Lionel Royer, marqué par la défaite des Français contre les Prussiens à Sedan en 1870, veut transcender la reddition de Vercingétorix à d’Alésia. Dans ce tableau, le peintre exalte la noblesse des vaincus et le sacrifice du héros gaulois, présenté comme l’âme du peuple français.
Les sources rapportant la reddition de Vercingétorix sont très peu nombreuses.
Un seul texte contemporain des faits décrit l’événement : La Guerre des Gaules, récit rédigé par Jules César lui-même. Mais le vainqueur de Vercingétorix n’enjolive-t-il pas un peu la réalité ?
Bien après les faits, d’autres historiens antiques ont rapporté la scène. Dion Cassius écrit au 3e siècle : « Vercingétorix aurait pu s’échapper, mais espérant obtenir le pardon [de César], il alla le trouver : il apparut brusquement devant César qui siégeait sur une tribune, jetant le trouble chez certains. En effet, il était très haut de taille et avait l’air terrible sous les armes ». Lionel Royer semble avoir mis en peinture cet extrait de l’Histoire romaine.
Mais notre peintre s’inspire surtout d’une illustration parue dans l’Histoire de la France populaire depuis les temps les plus reculés jusqu’à nos jours. Il reprend les motifs de la composition : Alésia en haut à gauche, la noblesse et l’attitude de défi de Vercingétorix dominant César, la présence des enseignes et les caractéristiques des personnages : casques, moustaches et longs cheveux. Pourtant, les Gaulois n’étaient pas plus moustachus que nous !
Quel rapport entre la guerre des Gaules et la guerre franco-allemande de 1870 ? Ce tableau !
En effet, il a été peint en 1899, moins de 30 ans après la guerre de 1870. La France a été battue par les États allemands qui en profitent pour s’unir autour du chancelier Otto von Bismarck. L’empereur Napoléon III est capturé lors de la bataille de Sedan (1er septembre 1870), Paris est assiégée. L’empereur est déchu, la Troisième République est proclamée tandis que l’Alsace et une partie de la Lorraine deviennent allemandes.
Le peintre Lionel Royer dresse ici un parallèle entre la défaite de Sedan et celle d’Alésia. Avant de devenir peintre, le jeune Royer s’était engagé comme volontaire pendant la guerre de 1870. Il a été profondément marqué par le conflit. Dans ce tableau, il a voulu montrer la fière noblesse des vaincus et le sacrifice du héros Vercingétorix, âme du peuple français. Même vaincus, les Français se veulent irréductibles !

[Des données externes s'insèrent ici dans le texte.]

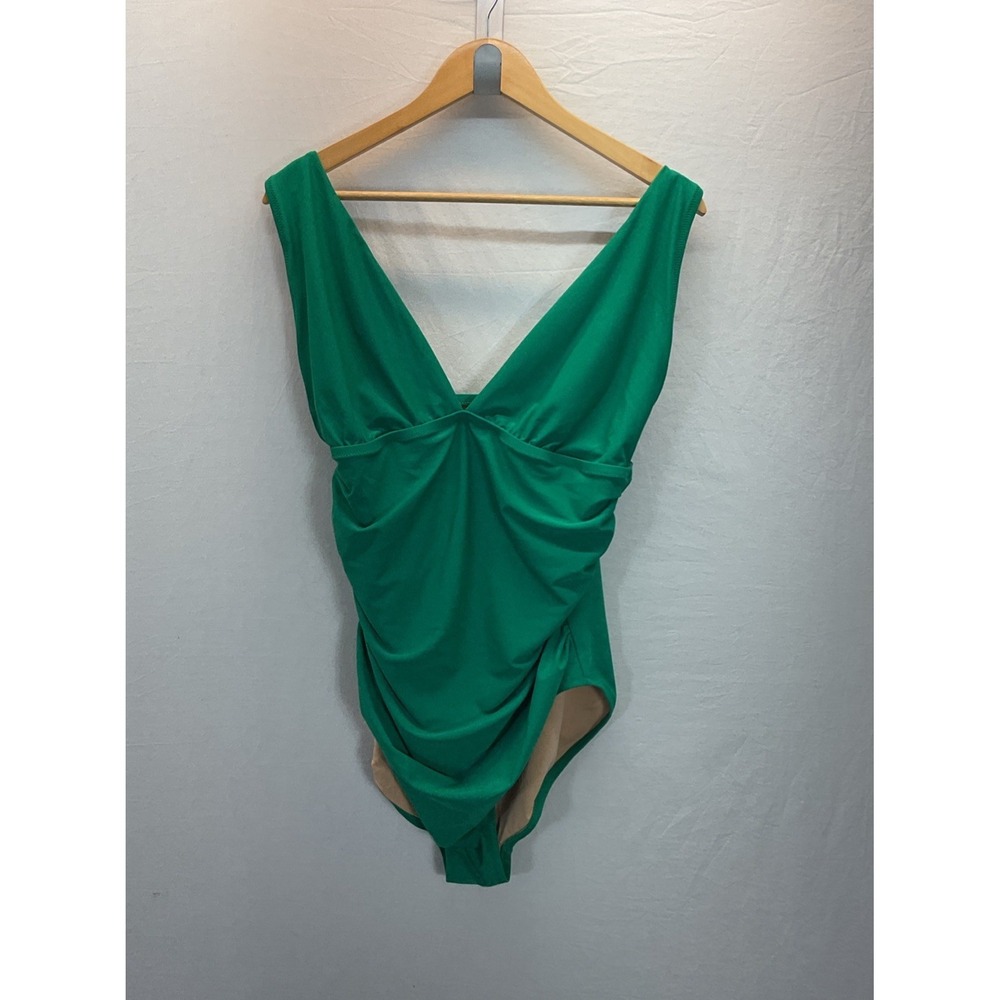 J. CREW Ruched V Neck One Piece Swimsuit Bright Green XXL Classic Beach Resort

Dans la composition de ce tableau, une figure se détache : Vercingétorix. La couleur souligne aussi cet isolement : la robe blanche du cheval se démarque des tonalités sombres employées pour les autres groupes de personnages. Les regards convergent tous vers le chef gaulois. La tunique rouge de César le désigne comme l’adversaire de Vercingétorix. La composition du tableau souligne ainsi l’inégalité des forces en présence.
Les seuls mouvements sont ceux du cheval en train de s’arrêter et ceux de Vercingétorix jetant ses armes aux pieds du vainqueur. L’expression fermée des visages montre la gravité du moment. Les vaincus occupent le devant de la scène, les vainqueurs sont relégués au second plan. Par sa composition, Lionel Royer magnifie les vaincus. Vercingétorix domine César. La représentation tronquée des armes au premier plan convie le spectateur dans l’espace du tableau. L’intensité dramatique est destinée à émouvoir le spectateur et c’est sans doute la raison du succès de ce tableau.